**WORK REQUEST:**
The entries below must be reproduced exactly; their pictures are not part of the copy.
==========
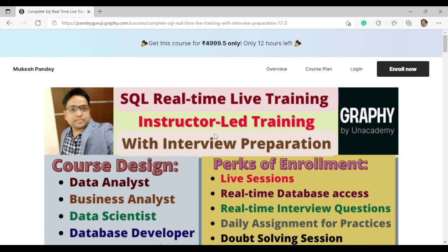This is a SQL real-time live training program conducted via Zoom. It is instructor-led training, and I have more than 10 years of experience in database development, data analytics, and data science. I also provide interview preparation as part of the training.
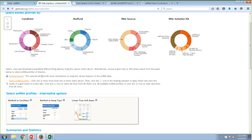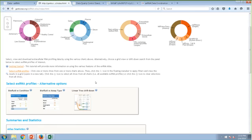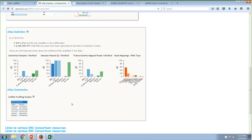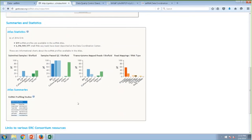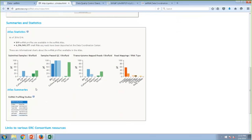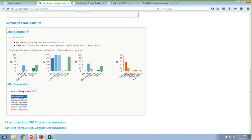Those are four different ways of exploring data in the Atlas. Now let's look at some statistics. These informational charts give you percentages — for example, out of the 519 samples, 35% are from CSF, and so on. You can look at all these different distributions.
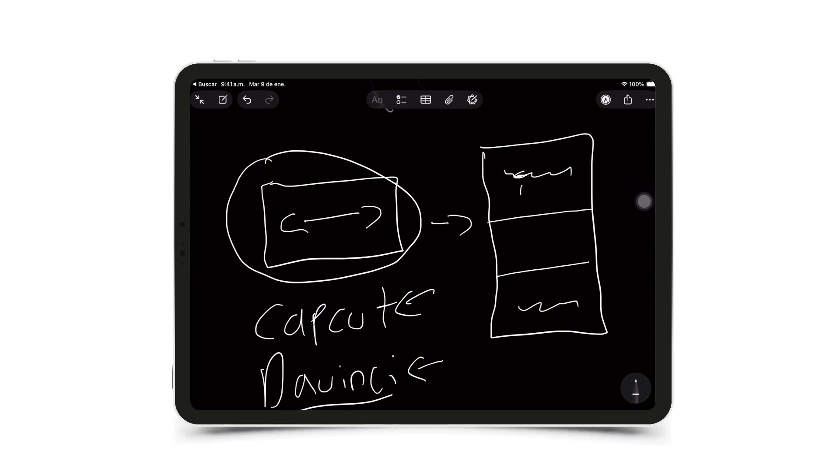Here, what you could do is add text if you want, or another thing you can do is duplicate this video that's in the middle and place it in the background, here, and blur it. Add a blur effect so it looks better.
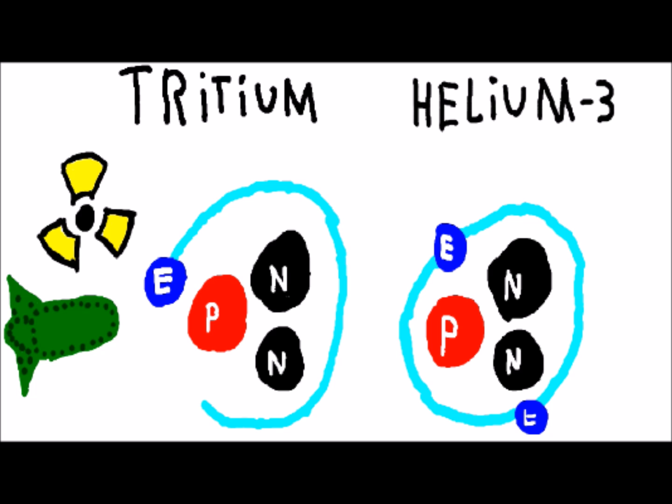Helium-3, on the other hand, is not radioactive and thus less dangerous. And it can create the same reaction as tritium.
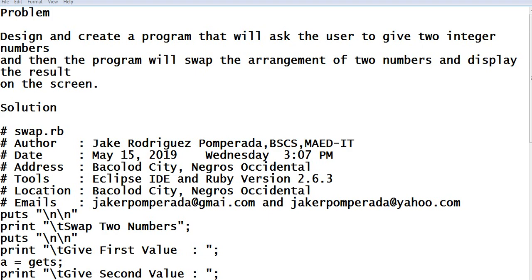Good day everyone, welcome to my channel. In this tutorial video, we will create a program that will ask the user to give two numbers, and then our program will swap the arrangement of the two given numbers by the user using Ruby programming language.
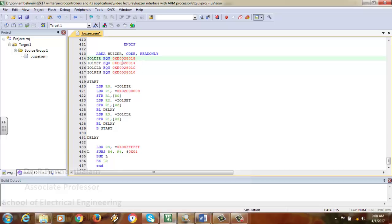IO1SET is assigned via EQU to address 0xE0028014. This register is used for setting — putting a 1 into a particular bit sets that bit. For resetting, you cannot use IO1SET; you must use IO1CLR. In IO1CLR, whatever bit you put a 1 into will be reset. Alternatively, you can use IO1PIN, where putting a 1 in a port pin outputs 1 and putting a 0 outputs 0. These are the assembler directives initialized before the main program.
==========
**OUTPUT FOR THIS TASK:**
This is a SQL real-time live training program conducted via Zoom. It is instructor-led training, and I have more than 10 years of experience in database development, data analytics, and data science. I also provide interview preparation as part of the training.
Those are four different ways of exploring data in the Atlas. Now let's look at some statistics. These informational charts give you percentages — for example, out of the 519 samples, 35% are from CSF, and so on. You can look at all these different distributions.
Here, what you could do is add text if you want, or another thing you can do is duplicate this video that's in the middle and place it in the background, here, and blur it. Add a blur effect so it looks better.
Helium-3, on the other hand, is not radioactive and thus less dangerous. And it can create the same reaction as tritium.
Good day everyone, welcome to my channel. In this tutorial video, we will create a program that will ask the user to give two numbers, and then our program will swap the arrangement of the two given numbers by the user using Ruby programming language.
IO1SET is assigned via EQU to address 0xE0028014. This register is used for setting — putting a 1 into a particular bit sets that bit. For resetting, you cannot use IO1SET; you must use IO1CLR. In IO1CLR, whatever bit you put a 1 into will be reset. Alternatively, you can use IO1PIN, where putting a 1 in a port pin outputs 1 and putting a 0 outputs 0. These are the assembler directives initialized before the main program.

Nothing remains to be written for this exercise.